══ Information supplied ══

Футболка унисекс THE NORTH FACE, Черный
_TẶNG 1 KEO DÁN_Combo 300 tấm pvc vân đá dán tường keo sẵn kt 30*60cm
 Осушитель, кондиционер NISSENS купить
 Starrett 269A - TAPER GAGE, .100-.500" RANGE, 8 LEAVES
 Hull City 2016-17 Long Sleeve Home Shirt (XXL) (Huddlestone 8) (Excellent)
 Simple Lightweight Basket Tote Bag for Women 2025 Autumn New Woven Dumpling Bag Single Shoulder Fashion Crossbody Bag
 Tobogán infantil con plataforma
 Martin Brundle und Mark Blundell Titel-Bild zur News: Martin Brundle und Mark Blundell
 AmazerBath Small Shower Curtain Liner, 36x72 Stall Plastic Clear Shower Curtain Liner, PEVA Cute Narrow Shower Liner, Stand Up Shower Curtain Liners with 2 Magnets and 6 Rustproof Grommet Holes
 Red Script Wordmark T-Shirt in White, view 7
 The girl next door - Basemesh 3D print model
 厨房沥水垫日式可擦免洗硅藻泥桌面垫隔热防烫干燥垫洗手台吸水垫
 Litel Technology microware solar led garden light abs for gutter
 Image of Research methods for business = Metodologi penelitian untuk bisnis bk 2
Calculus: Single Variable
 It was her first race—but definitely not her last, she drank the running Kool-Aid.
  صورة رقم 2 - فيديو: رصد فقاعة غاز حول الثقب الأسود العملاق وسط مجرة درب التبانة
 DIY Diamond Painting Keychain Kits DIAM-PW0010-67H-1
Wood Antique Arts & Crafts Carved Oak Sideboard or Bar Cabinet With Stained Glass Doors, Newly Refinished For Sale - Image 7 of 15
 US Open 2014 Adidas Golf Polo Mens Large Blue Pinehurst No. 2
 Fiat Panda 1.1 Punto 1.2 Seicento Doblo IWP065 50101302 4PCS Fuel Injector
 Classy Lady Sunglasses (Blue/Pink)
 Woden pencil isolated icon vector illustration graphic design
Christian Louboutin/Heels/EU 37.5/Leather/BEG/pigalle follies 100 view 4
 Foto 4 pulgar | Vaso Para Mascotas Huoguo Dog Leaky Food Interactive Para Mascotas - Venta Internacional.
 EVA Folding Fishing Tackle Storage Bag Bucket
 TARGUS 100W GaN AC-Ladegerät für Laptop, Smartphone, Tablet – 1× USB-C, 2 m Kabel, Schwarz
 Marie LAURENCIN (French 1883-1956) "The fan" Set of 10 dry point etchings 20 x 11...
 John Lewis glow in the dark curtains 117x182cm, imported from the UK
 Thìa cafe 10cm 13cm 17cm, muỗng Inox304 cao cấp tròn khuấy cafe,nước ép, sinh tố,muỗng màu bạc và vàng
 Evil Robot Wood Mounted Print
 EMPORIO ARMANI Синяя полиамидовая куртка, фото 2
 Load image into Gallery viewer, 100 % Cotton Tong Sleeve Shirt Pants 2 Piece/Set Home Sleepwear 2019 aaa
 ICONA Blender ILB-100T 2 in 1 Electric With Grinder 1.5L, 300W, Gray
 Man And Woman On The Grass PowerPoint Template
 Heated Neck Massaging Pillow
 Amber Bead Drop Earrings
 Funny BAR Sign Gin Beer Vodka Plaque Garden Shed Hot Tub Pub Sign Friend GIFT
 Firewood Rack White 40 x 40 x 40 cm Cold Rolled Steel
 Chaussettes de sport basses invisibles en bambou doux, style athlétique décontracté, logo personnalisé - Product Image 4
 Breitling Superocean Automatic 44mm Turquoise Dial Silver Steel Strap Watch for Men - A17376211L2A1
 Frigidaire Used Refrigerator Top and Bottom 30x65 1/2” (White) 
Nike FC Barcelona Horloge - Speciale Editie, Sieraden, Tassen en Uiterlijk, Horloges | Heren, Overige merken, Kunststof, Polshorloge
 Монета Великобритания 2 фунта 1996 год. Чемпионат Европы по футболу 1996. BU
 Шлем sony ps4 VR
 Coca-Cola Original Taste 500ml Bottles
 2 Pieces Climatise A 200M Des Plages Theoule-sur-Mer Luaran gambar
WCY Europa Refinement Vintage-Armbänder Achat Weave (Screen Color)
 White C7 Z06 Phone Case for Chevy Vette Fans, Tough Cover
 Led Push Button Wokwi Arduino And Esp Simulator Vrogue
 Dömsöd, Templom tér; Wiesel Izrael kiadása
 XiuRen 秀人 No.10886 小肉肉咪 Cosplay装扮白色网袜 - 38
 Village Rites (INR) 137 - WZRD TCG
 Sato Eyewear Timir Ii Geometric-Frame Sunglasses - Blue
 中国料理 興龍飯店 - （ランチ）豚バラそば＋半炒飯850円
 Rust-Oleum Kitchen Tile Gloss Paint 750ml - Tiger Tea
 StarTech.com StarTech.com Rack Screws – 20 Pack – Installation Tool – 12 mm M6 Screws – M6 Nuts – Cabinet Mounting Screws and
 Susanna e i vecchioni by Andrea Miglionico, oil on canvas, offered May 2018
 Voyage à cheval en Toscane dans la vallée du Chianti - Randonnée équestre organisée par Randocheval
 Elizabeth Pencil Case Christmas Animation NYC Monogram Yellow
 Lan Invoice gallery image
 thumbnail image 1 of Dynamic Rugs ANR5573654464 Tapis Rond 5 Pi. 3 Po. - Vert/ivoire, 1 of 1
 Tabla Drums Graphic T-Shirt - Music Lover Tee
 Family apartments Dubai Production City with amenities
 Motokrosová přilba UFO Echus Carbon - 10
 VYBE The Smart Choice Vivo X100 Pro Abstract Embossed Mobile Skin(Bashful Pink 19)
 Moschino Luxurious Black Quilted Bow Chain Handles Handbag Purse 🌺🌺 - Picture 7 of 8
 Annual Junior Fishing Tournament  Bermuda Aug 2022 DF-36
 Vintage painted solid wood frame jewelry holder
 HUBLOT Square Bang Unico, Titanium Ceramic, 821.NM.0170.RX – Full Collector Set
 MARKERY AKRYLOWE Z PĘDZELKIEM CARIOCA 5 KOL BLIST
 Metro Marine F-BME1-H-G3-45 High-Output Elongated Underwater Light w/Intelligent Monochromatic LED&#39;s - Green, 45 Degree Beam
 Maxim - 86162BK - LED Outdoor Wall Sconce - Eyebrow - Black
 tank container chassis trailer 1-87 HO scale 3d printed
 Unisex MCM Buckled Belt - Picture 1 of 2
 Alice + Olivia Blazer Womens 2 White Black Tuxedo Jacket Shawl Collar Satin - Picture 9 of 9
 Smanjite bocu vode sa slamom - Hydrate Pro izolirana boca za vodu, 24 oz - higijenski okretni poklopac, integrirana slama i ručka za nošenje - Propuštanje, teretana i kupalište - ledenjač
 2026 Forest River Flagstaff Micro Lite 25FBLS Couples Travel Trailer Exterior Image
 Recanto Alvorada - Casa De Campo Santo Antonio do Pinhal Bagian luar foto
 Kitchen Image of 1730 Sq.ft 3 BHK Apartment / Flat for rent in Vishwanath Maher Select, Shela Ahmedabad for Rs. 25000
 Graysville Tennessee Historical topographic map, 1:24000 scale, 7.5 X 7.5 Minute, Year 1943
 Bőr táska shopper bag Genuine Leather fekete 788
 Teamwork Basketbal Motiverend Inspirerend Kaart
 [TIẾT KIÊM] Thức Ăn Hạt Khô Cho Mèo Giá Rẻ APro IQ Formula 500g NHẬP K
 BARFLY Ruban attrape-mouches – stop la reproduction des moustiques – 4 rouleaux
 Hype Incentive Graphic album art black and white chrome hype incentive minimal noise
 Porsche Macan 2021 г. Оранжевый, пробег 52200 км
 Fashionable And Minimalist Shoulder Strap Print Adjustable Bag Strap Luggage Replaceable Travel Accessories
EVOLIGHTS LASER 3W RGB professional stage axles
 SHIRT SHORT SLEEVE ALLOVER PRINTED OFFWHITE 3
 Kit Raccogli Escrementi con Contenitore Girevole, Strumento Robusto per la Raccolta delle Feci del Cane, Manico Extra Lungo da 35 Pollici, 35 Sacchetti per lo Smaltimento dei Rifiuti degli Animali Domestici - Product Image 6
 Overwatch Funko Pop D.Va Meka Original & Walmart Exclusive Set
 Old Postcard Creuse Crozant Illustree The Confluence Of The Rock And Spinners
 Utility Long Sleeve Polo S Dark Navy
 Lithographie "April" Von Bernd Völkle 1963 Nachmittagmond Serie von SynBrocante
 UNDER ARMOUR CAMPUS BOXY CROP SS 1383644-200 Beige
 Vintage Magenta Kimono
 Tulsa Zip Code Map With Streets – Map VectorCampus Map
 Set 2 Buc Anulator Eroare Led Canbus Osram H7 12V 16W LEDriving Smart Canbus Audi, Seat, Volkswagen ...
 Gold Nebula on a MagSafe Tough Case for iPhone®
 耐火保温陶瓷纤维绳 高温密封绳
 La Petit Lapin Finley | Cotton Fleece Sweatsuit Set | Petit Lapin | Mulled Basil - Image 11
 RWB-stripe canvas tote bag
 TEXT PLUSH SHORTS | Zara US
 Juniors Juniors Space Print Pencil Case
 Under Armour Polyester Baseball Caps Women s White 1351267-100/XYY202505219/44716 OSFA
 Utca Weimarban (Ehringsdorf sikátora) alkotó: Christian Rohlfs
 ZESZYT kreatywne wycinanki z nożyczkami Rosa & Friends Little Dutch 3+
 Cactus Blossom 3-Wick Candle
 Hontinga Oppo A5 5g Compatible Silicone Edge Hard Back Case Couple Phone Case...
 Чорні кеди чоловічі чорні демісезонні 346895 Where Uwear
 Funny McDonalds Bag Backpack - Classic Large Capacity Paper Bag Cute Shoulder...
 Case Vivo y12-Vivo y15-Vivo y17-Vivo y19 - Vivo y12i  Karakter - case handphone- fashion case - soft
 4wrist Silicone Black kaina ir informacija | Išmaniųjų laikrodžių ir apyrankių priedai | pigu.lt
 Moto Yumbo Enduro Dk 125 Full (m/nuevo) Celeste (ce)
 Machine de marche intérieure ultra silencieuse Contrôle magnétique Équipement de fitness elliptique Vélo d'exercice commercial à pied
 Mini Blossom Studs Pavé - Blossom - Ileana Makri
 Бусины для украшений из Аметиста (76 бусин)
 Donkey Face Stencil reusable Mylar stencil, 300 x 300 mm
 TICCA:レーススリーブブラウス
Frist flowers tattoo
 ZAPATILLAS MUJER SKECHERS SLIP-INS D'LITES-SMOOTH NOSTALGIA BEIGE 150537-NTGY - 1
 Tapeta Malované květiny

═══

Exercise
Scan the entries above. Copy each line that has the string "Large".

Exercise answer
 US Open 2014 Adidas Golf Polo Mens Large Blue Pinehurst No. 2
 Funny McDonalds Bag Backpack - Classic Large Capacity Paper Bag Cute Shoulder...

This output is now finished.